Our current book is a science fiction-thriller: The Shining Girls by South African writer Lauren Beukes, which follows a time travelling serial killer who chooses his victims amongst young women with a certain "shining". One of his victims, Kirby, survives and starts hunting this murderer who shouldn't even exist. Exciting!

The meeting is on Friday, December 8, at 7.30 pm at the Otherland Bookshop as usual.

And again, as usual you don't need to register or pay entrance, just read the book and drop by, there's snacks and all!

See you there!

Nov 11, 2017

Otherland Speculative Book Club Goes Berlin SciFi Filmfest

The doodle poll is closed now and the winner is "How To Build a Time Machine" at 4 pm.

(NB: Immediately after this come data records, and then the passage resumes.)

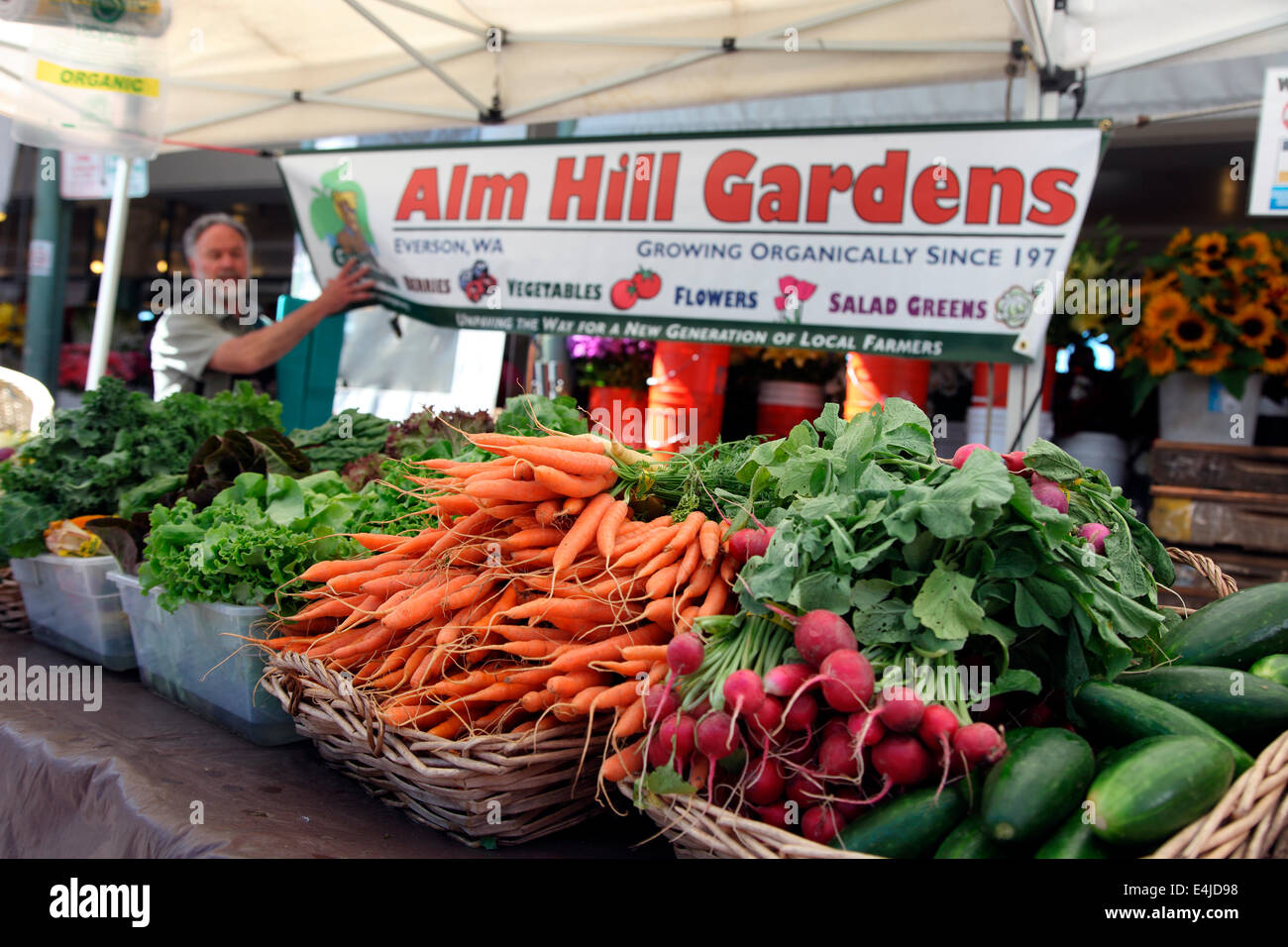 Alm-Hill Bio Gemüse Stall im Pike Street Market Seattle Stockfoto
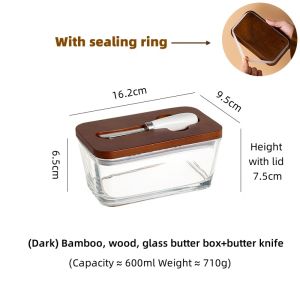 Transparent glass butter container With cover sealed cheese box Household food storage container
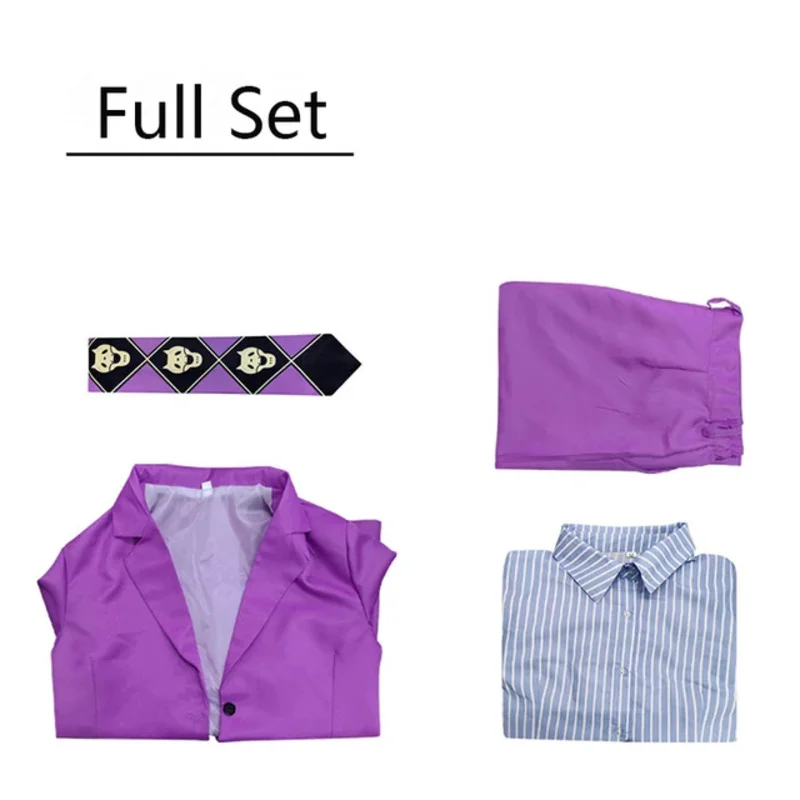 aa69Аниме Невероятные приключения ДжоДжо Костюм Кира Йошикаге Косплей Фиолетовая Рубашка Брюки Костюм Вьющийся Желтый Парик Хэллоуин Вечеринка Костюм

We'll meet at 3.30 pm in front of Babylon (Rosa-Luxemburg-Str. 30).  Tickets have already been purchased for the doodle participants.

See you there tomorrow!

______________________________________________________________________________


We're going to the Berlin SciFi Filmfest this Saturday (November 18th)! Enter the doodle to vote for your preferred movie until Friday (when the poll will be closed). Let the voting begin!


And these are the options:

4 pm    How To Build A Time Machine

Canada 2016
The movie follows two men who were inspired by H.G. Wells' The Time Machine to build their own time machine.

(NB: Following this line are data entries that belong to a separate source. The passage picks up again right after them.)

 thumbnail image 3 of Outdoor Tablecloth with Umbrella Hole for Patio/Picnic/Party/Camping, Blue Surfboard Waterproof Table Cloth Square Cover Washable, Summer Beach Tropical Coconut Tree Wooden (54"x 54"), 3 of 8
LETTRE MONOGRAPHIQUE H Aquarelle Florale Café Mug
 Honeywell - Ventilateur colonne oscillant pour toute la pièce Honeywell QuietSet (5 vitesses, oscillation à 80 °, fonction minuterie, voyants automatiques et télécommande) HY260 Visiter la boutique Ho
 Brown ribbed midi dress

http://www.imdb.com/title/tt5696188/?ref_=nv_sr_2

6 pm    Occupants

USA 2015
Annie and her husband are working on a documentary which involves setting up cameras throughout their house. Complications arise when the cameras start showing the same couple in an alternate universe.

http://www.imdb.com/title/tt3980310/?ref_=fn_al_tt_1

For more information on the Berlin SciFi Filmfest visit http://www.berlinscifi.com.


Otherland Speculative Fiction Book Club


Not So Maddening


The reaction to Robert W. Chambers' The King in Yellow at the OBC might be described as lukewarm at best; no one really loved it but no one really disliked it either. Maybe because of the present hype about this evil, mysterious entity (that was presumably instigated by it being mentioned in the first season of the great crime series "True Detective") the expectations were a little higher than they should be - which is fatal for any book.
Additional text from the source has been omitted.